DATASET SECTION:
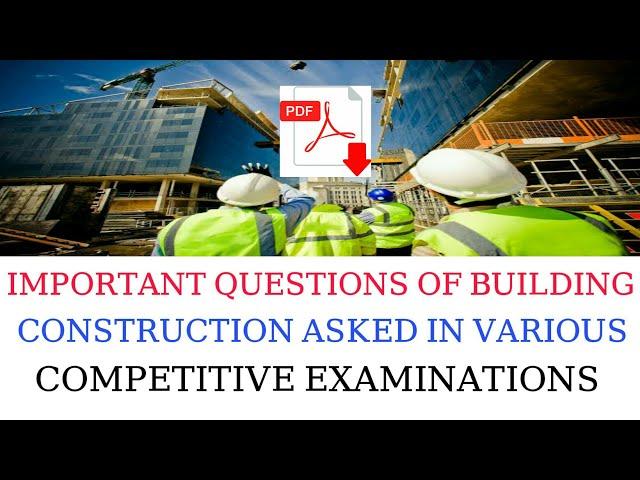 CIVIL ENGINEERING IMPORTANT QUESTIONS | SSC PSC UPSSSC RPSC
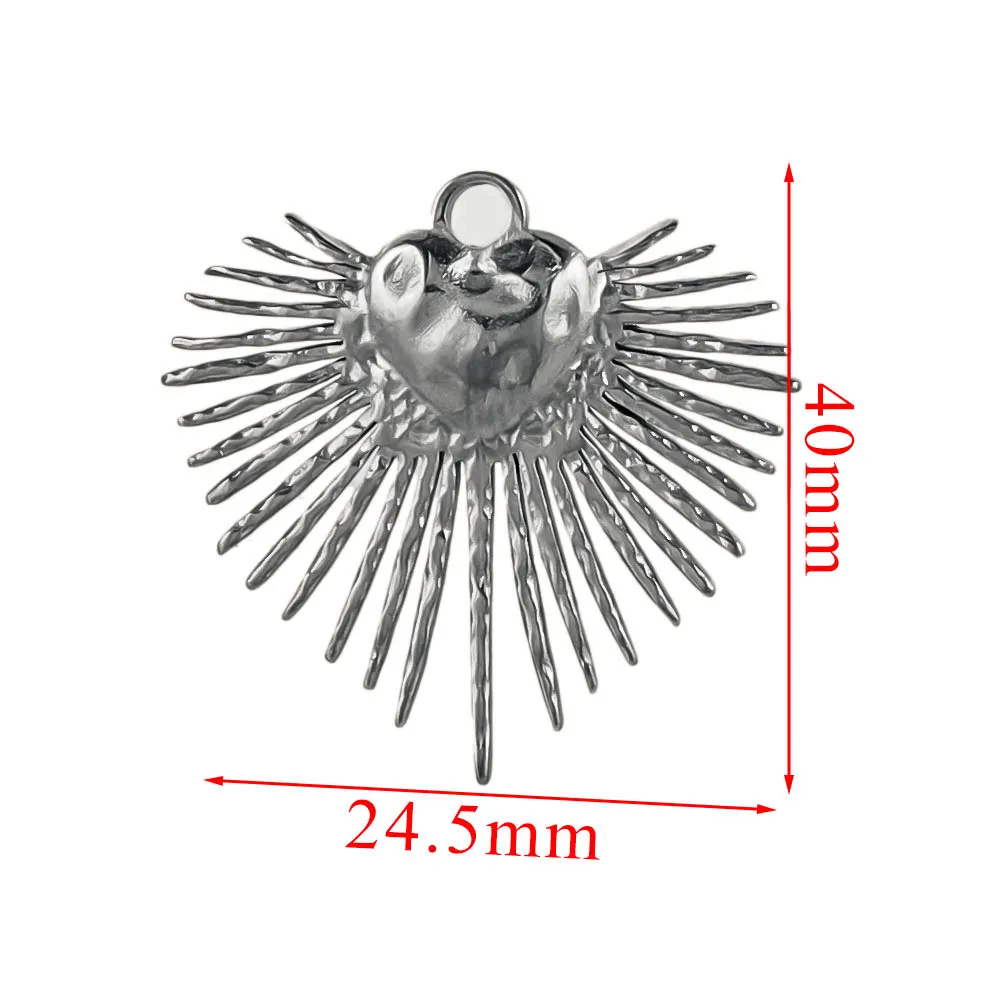 5 uds conectores de dijes de acero inoxidable corazón grande sol chapado en oro DIY collar pendientes joyería de materiales para hacer al por mayor: Amarillo fluorescente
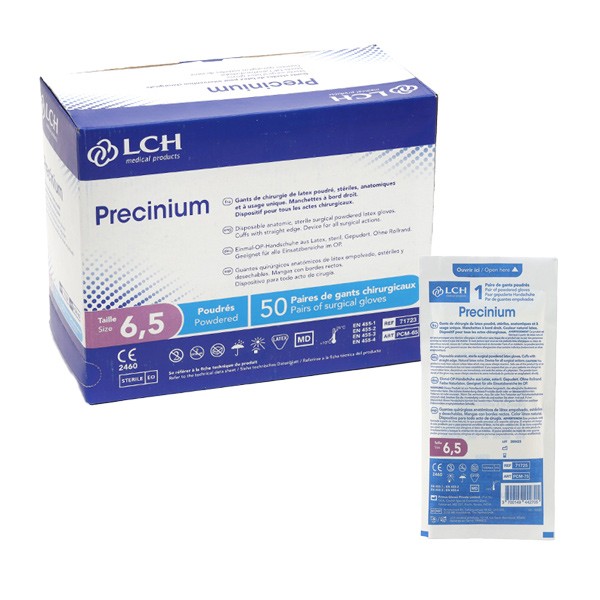 LCH Precinium gants latex poudrés stériles 50 paires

WHAT YOU ARE ASKED TO DO:
Transcribe the material exactly, keeping every word and none of the pictures.

RESULT:
 CIVIL ENGINEERING IMPORTANT QUESTIONS | SSC PSC UPSSSC RPSC
 5 uds conectores de dijes de acero inoxidable corazón grande sol chapado en oro DIY collar pendientes joyería de materiales para hacer al por mayor: Amarillo fluorescente
 LCH Precinium gants latex poudrés stériles 50 paires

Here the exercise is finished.